Below are records that contain pictures; transcribe the text exactly and omit the pictures.

········

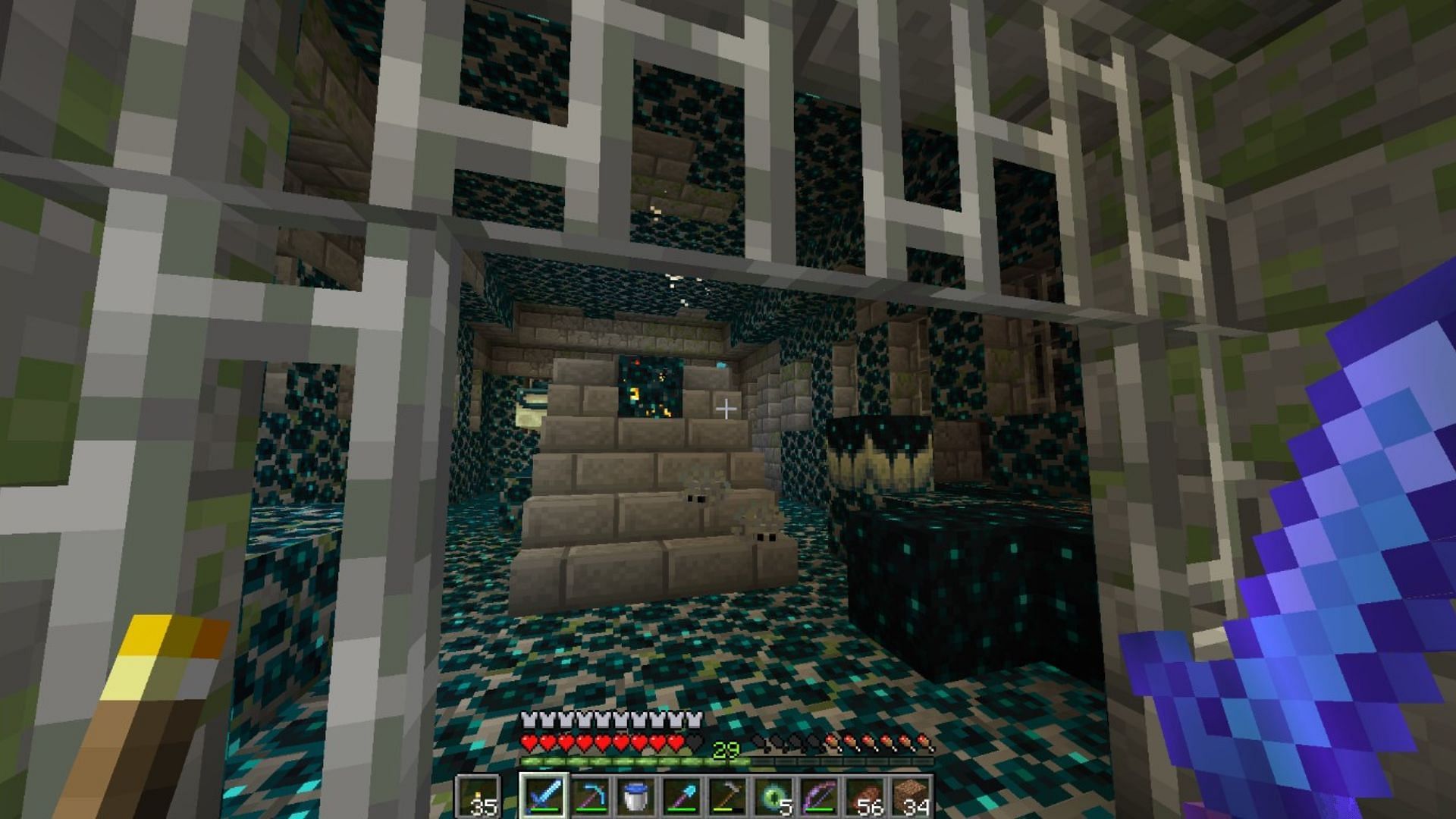 Minecraft player discovers stronghold in Deep Dark Caves 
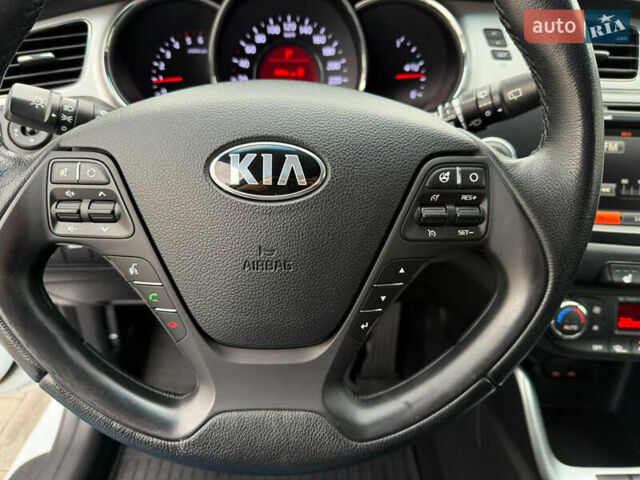 Білий Кіа Сід, об'ємом двигуна 1.6 л та пробігом 210 тис. км за 13500 $, фото 23 на Automoto.ua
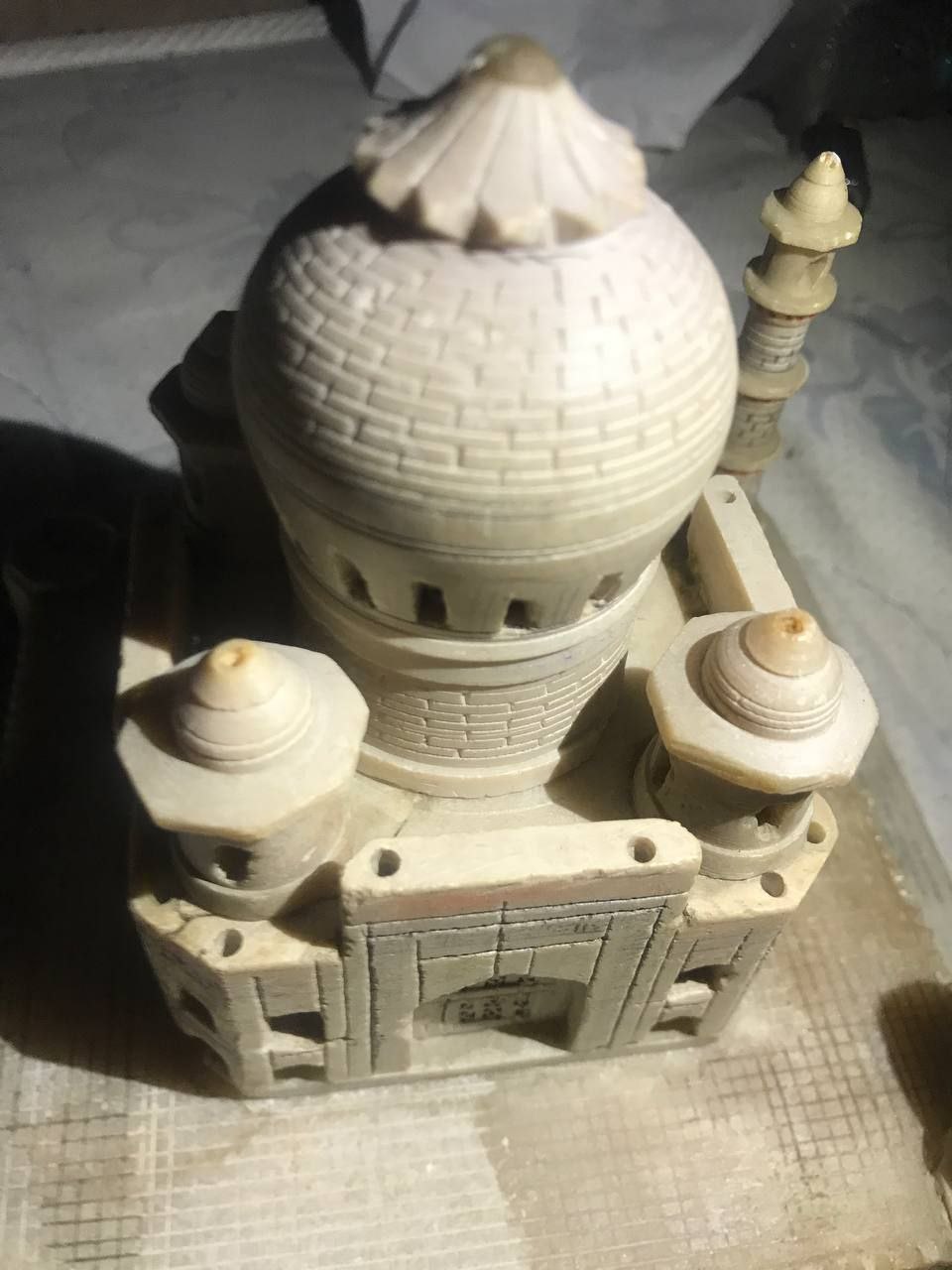 ارامگاه تاج محل قدیمی کار دست 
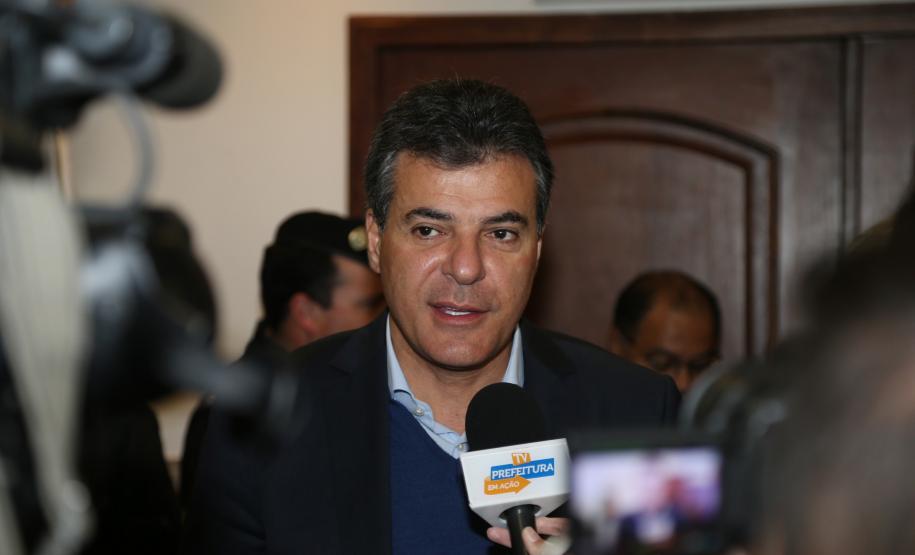 Governador Beto Richa assina convênio entre o Governo do Estado através do Instituto Ambiental do Paraná (IAP) e a Prefeitura de Araucária visando à criação de um parque municipal e realocação de pessoas instaladas em áreas de risco.Araucária, 02/08/2015.Foto: Orlando Kissner/ANPr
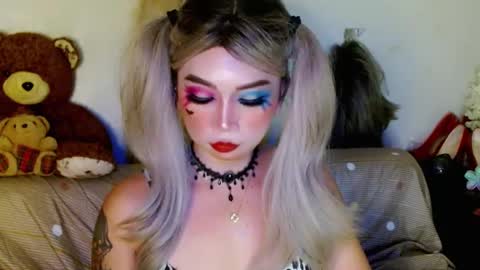 Snapshot of adorableslutxxx chatting on 02/26/25, 06:54 jasmine online show from 02/26/25, 06:54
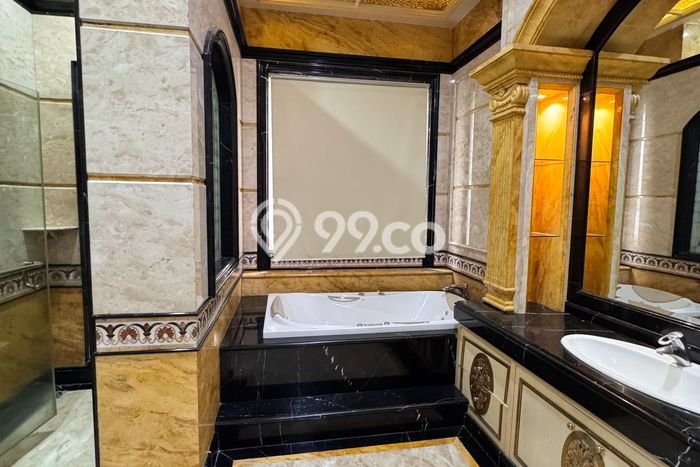 Rumah Elit Modern Tanpa Renovasi di Pantai Indah Kapuk Jakarta Utara Rumah Elit Modern Tanpa Renovasi di Pantai Indah Kapuk Jakarta Utara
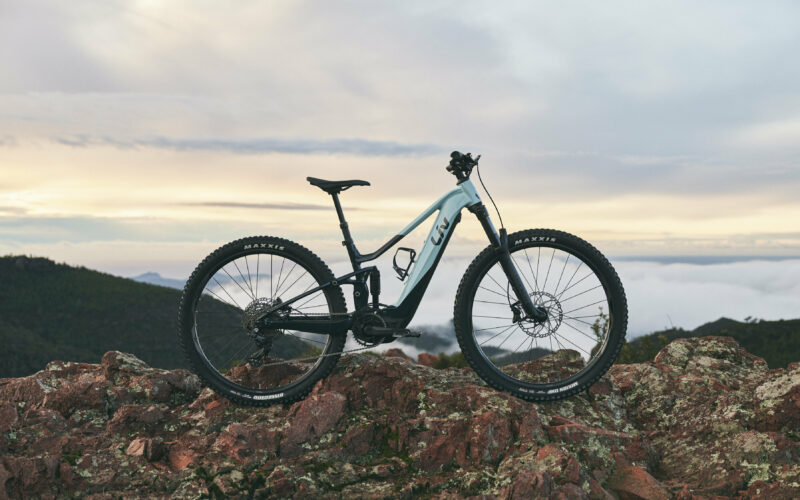 Neues Liv Embolden E+: Das neue E-MTB für Einsteigerinnen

········

### Answer box:
 Minecraft player discovers stronghold in Deep Dark Caves 
 Білий Кіа Сід, об'ємом двигуна 1.6 л та пробігом 210 тис. км за 13500 $, фото 23 на Automoto.ua
 ارامگاه تاج محل قدیمی کار دست 
 Governador Beto Richa assina convênio entre o Governo do Estado através do Instituto Ambiental do Paraná (IAP) e a Prefeitura de Araucária visando à criação de um parque municipal e realocação de pessoas instaladas em áreas de risco.Araucária, 02/08/2015.Foto: Orlando Kissner/ANPr
 Snapshot of adorableslutxxx chatting on 02/26/25, 06:54 jasmine online show from 02/26/25, 06:54
 Rumah Elit Modern Tanpa Renovasi di Pantai Indah Kapuk Jakarta Utara Rumah Elit Modern Tanpa Renovasi di Pantai Indah Kapuk Jakarta Utara
 Neues Liv Embolden E+: Das neue E-MTB für Einsteigerinnen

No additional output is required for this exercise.